これまで、バルク選別装置を、対象物に合わせて最適条件で運転することの難しさを述べてきた。今回は、過去のコラムを振り返りながら、今一度、バルク選別装置が持つ根本的な課題について、まとめておさらいしたいと思う。

物理選別は1つずつ様相の異なる粒子を選り分ける操作のため、均一な系を扱うことが多い化学プロセスと異なり、選別の度に異なる各種の条件を網羅的に把握することが難しい。「単体分離」、「場のムラ」、「外形のバラつき」などの情報を十分に得ることが困難であるために、選別装置がブラックボックス化してしまい、実験してみないと結果が分からないという「バルク選別の不確実性」を生み出す。対象の粒子群は全く同一のものは存在しないから、完全に同一の条件下で結果を再現することもできない。仮に同じ試験試料を繰り返し用いても、選別機内での粒子運動のバラつきから、結果は完全には同じにはならない。このことから、第4回で述べたように、リサイクルや鉱山の選別においては、長きにわたり、実験によるインプット情報とアウトプット情報の関係から、起きていることの推定(想像)を行ってきた。しかし、細かな矛盾や再現性の乏しさは、選別試料の不均一性から止むを得ないと解釈されるため、いくら検討事例が増えてもブラックボックスの核心を捉えられぬまま今日に至っている。

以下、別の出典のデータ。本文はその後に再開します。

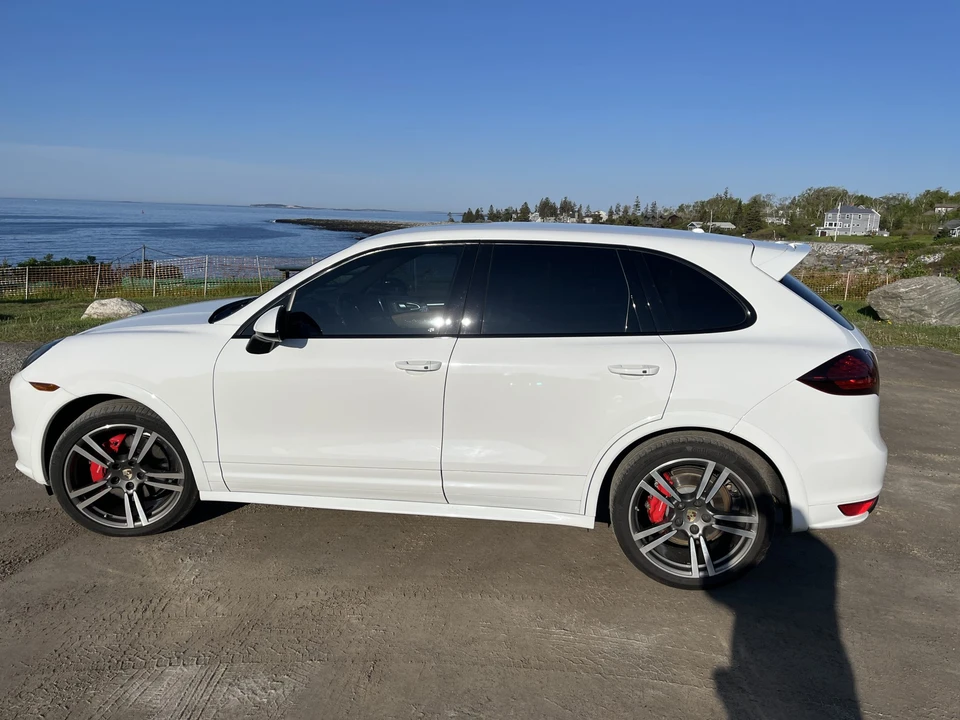 2013 Porsche 958 Cayenne GTS - Image 3 of 31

物性差が大きい粒子など、理論上は分離効率100%の到達が可能な選別において、分離効率の低下をもたらす「バルク選別の不確実性」の主な要因を図6.1.1にまとめた。第12回第22回で述べたように、まず、① 単体分離していなければ、選別装置の精度に関わらず高度な選別は成し得ない。また、これまであまり述べてこなかったが、単体分離していたとしても、② 選別装置内で異種粒子が凝集(ヘテロ凝集という)していると、片刃粒子を選別しているのと同じことになってしまう。細粒の乾式選別は粒子の飛散や凝集が起きやすいため、そもそも実施しないことが多いが、細粒の湿式選別においても、粒子がヘテロ凝集せずに分散状態にあるかを容易に確かめる術がないため、不確実性の要素となる。一方、仮に破砕工程で単体分離を成し得て、選別装置内でヘテロ凝集が起きない状態であっても、③ 第4回で述べたように、選別装置内の粒子は確率的な運動をする場合が多く、確率を支配する因子を全て把握しきれないため、単純な系ですら粒子運動を厳密に予測することはできない。例えば、全てが同サイズの球形粒子であっても、選別装置内に存在する「場のムラ」のため完全な選別は困難であることが多く、全粒子の厳密な運動を計算で求めることもできない。④ さらに、その影響を助長しているのが粒子の「外形のバラつき」である。第28回では、素材種と直接関係のない「外形のバラつき」が粒子運動に影響を及ぼすことを述べた。バラつきが大きい場合、この影響とは、選別基準物性での選別精度を低下させることが多い。つまり、球形の同サイズ粒子であっても、「場のムラ」のため必ずしも分離効率100%とはならないが、さらに「外形のバラつき」により、予測し得ない分離効率の低下が起きる。加えて、⑤ 選別装置内での粒子の「滞留時間」も、計算による選別結果予測を困難にする。装置の機構によって事情が異なるが、第30回で述べたように、端的に言えば、無限大の時間を掛ければいつかは「場の秩序」に従った粒子の移動が完了するが、多くの選別機では、粒子の移動が完了する前に不完全な状態(非定常段階)で選別が終了してしまう。つまり、設定された粒子の滞留時間が非定常のどの段階なのかによって、得られる分離効率が変わってしまう。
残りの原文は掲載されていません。